Devlet her konuda o kadar keyfi ve yarın hiç olmayacakmış, hiç hesap vermeyeceklermiş gibi yönetiliyor ki, sabahın kör karanlığında yollara düşmek zorunda kalan çocukların ve herkesin bütün şikayetlerine, imza kampanyalarına ve protestolarına rağmen, iktidar hiç umursamıyor ve duymuyor bile bu çığlıkları. Empati yapma ihtiyacı bile hissetmiyorlar. Kış saatinin kalkmasına halkın yüzde 90’ı destek veriyor deyip kestirip atıyorlar...

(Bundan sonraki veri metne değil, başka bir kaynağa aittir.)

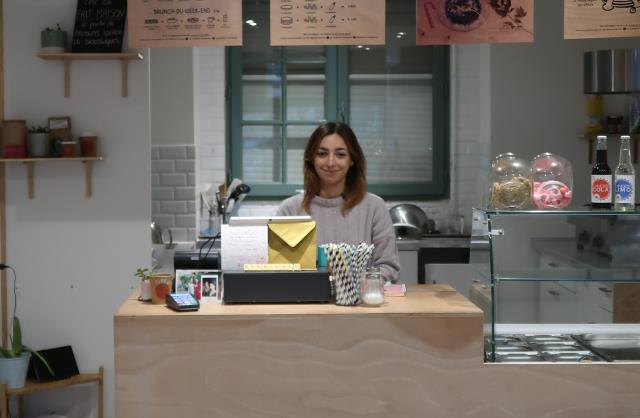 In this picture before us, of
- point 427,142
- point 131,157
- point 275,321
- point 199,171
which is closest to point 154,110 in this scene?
point 199,171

Türk Ceza Kanunu'nda "devlet büyüklerine hakaret" diye bir suçlama, bir madde olmamasına rağmen, gencecik insanlar, devlet büyüklerine hakaret ettiği iddiasıyla OHAL bahanesiyle artık tutuklanıyor. Devletin Sosyal Medya Takip Birimi 60.000 kişiyi takip ediyor, paylaşımlarını izliyor. Bütün muhalifler izleniyor...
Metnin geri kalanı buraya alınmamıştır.